All failure is failure to adapt, all success is successful adaptation. —Max McKeown
When you live and work in 6 different countries, your eyes tend to open to the diversity that is all around you. The bottom line is that culture matters, and it matters a lot! This is particularly true when it comes to leading effectively in an international environment. Note that the term used was “effective” leadership and not simply leadership standing alone. Leadership on its own is not enough. Leadership alone is bland, outdated and a general concept that cannot be defined. Effective leadership on the other hand involves one's ability to reach, inspire and direct their followers by using the necessary soft skills to earn their respect and relate with them on a personal level. The acronym SWAL (Sensible, Worldwide, Adaptable, Leaders) encompasses the essential soft skills needed to have effective leadership in a global world.
This is a must before any directions are given! Being sensible involves assessing the atmosphere before acting or making decisions. One of the biggest mistakes anyone entering a leadership role can make is to simply use their résumé as their reasoning for directing people. Regardless of your experience or your past success, there needs to be a personal connection made in order to earn the respect of your followers. If you try to direct before earning respect this is a recipe for failure in the long term. So how does one demonstrate sensibility?
Sensibility starts with listening. The ability to listen is so underrated in today’s society. Often, leadership gets caught up in feeling like they have to prove their worth in terms of their accomplishments to earn the respect of others. However, there is much more power in being able to listen to someone else's story before telling yours. And always keep in mind: listen to comprehend, do not listen to respond. A lot of people listen, but they listen to respond to what the other person is saying. Instead, you should be listening to comprehend their story. From there, you can apply comparable situations in your own life to relate to that person on a deeper level. In the end, people do not want to feel like they are alone. When you can relate to people and their problems and issues in life, you can earn their respect. Once you have that, you are on the right track to being an effective leader.
Every day the world is becoming more internationally connected. This makes intercultural competence all the more important in terms of effective leadership. Intercultural competence starts first and foremost with acceptance. This is such a simple concept, and it seems so obvious. However, its general application has failed to be utilized for generations. Just look at war for example. I hate to speak in general terms about the subject, but when we look at the root of war and why it happens, it essentially starts from a lack of acceptance. Whether that be rejection due to religious beliefs, politics, sexual orientation, social class, status, etc.
Humans have failed to truly accept others for who they are. Until the human race makes a commitment to truly accept each other’s differences while also trying to understand and adapt to those differences, conflict and lack of potential opportunities will always be present. Effective leaders need to have a “Worldwide” mindset and understand that often their followers are not always going to agree with them nor hold the same beliefs. If those in leadership roles can effectively show their ability of acceptance, their followers are much more likely to respect them and will still want to follow their lead despite their differences.
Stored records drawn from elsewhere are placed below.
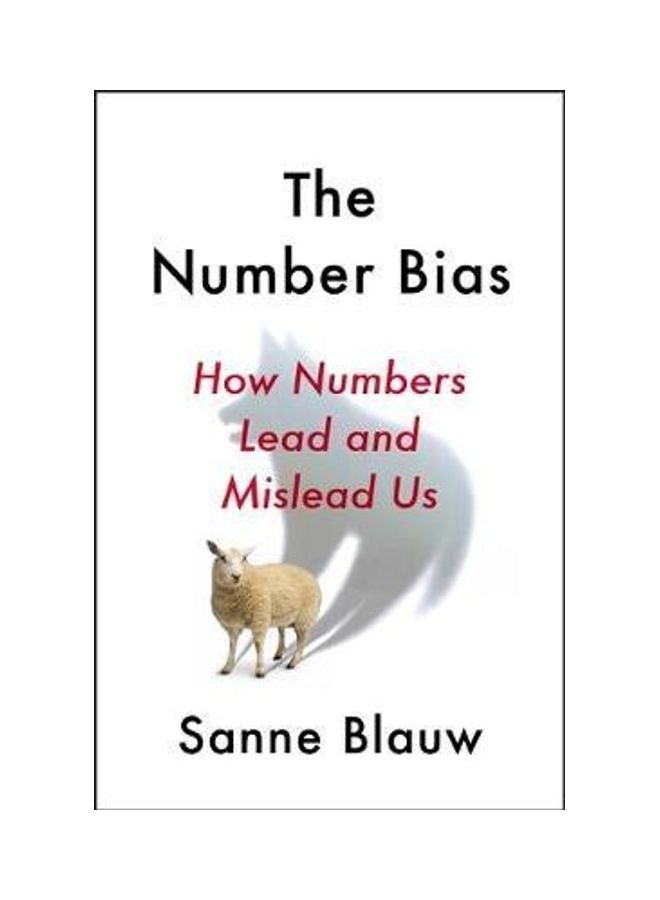 The Number Bias: How Numbers Lead And Mislead Us Paperback English by Sanne Blauw 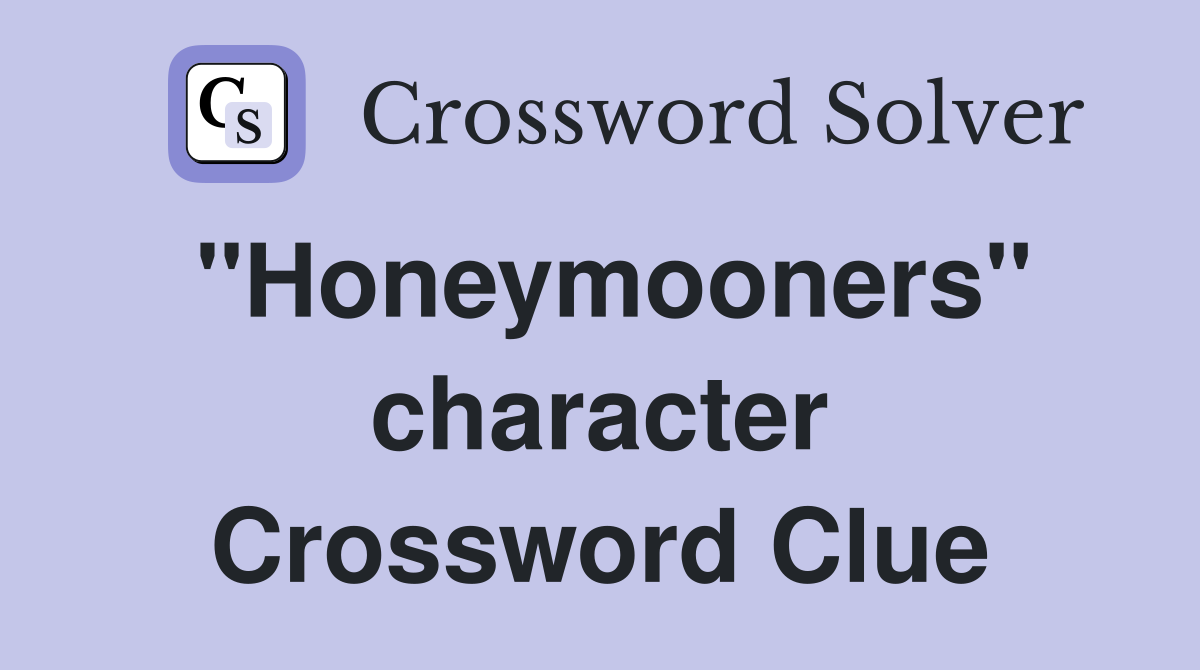 "Honeymooners" character Crossword Clue Answers Crossword Solver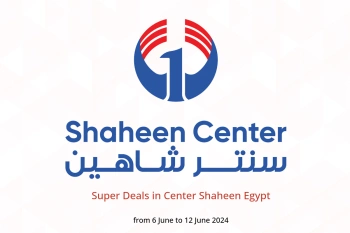 Super Deals in Center Shaheen Egypt from 6 to 12 June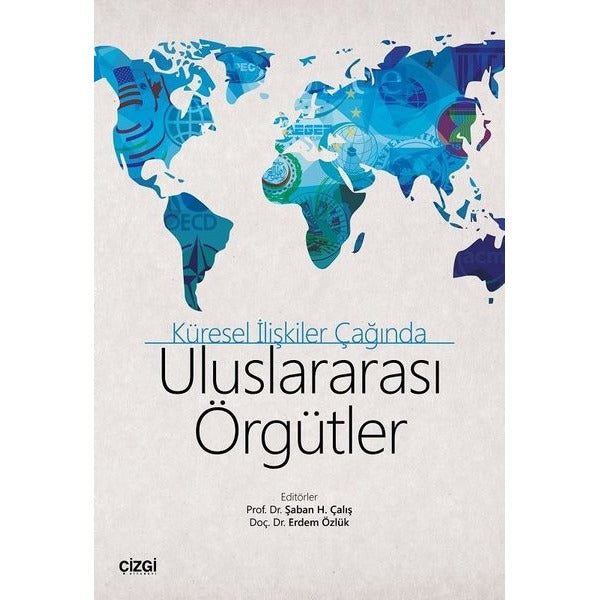 Küresel İlişkiler Çağında Uluslararası Örgütler | Çizgi Kitapevi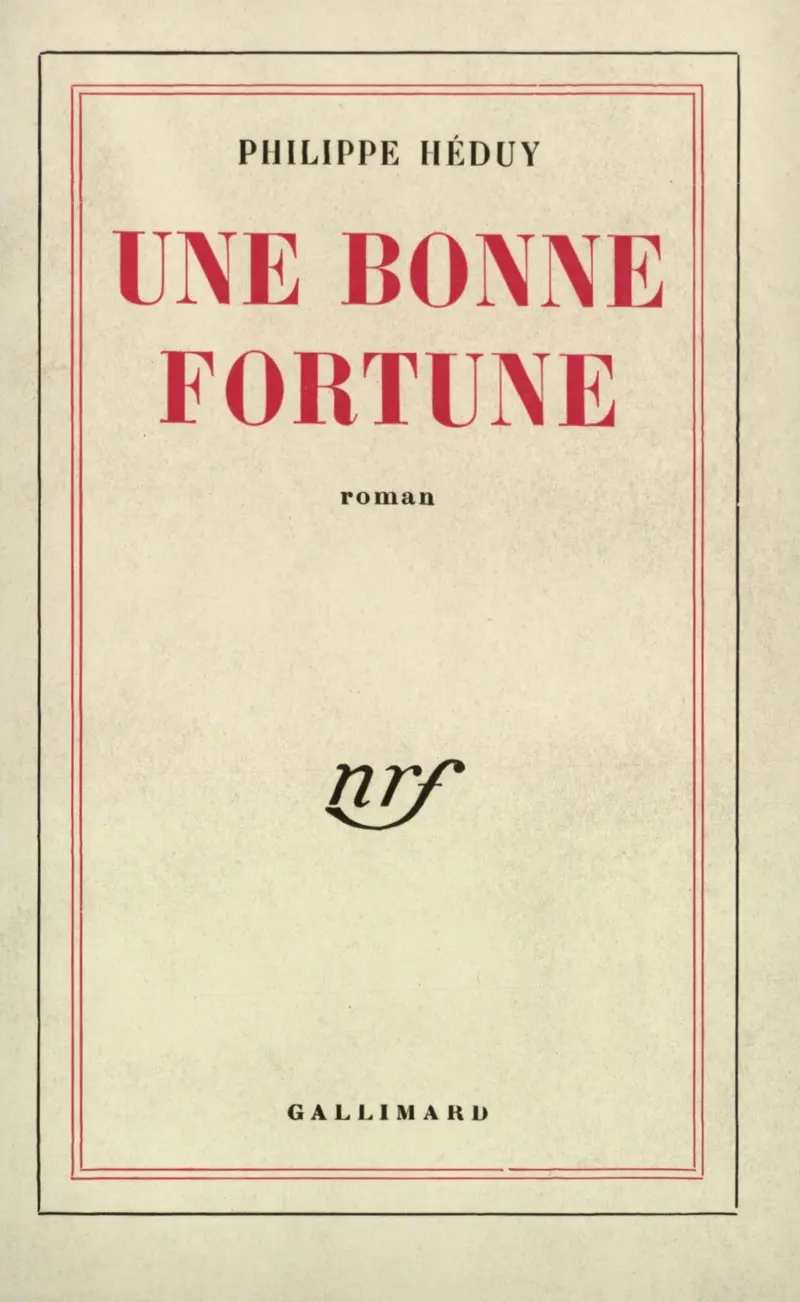 Une bonne fortune - Philippe Héduy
Being adaptable is only possible after acceptance. Once one truly accepts others and their differences, then they can use this acceptance to learn and adapt to this person’s strengths to help them become the best versions of themselves. And when everyone is operating as the best version of themselves this is all the better for collective efforts within the business or team. Just remember acceptance before adaption. It legitimately cannot work the other way around.
Leaders (Effective Ones)
It is truly an art form in today’s world to become an effective leader in a multicultural environment. The most important thing to remember is that before one can effectively lead others, they must first have the ability to effectively lead themselves. Only then is the SWAL concept possible to implement. Leading yourself effectively involves having a solid personal foundation. The ability to listen to comprehend, the ability to accept and then adapt all are a by-product of your foundation as a person. Think of it as building a house. Before you can build the structure, you have to have a strong foundation laid.
So, before these soft skills can be put to use, your foundation has to be strong. Everyone aspiring to attain a leadership role should first and foremost understand themselves as a person and prioritize their foundation before taking on the responsibility of effectively leading others. Please be humble enough to understand when you are ready and when your foundation needs work. And also realize that it is alright to be a follower in the beginning. Despite the negative undertones associated with the word follower, sometimes in life, you have to be under the tutelage of those more capable than you in order to build your foundation and to reach your potential.
So, you must understand that long-term success in a leadership role can be dependent on the ability to implement the SWAL concept. Please understand that it all starts with you. Prioritize yourself and your development over anything else. It is not selfish; it is necessary. Our world is in desperate need of SWALeaders. While they certainly do exist in today’s world, there simply are not enough.
So, look within yourself and ask: am I sensible? Do I think "worldwide?" Am I adaptable? Am I an effective leader? If your answer is no to any one of these questions, remember: start with yourself.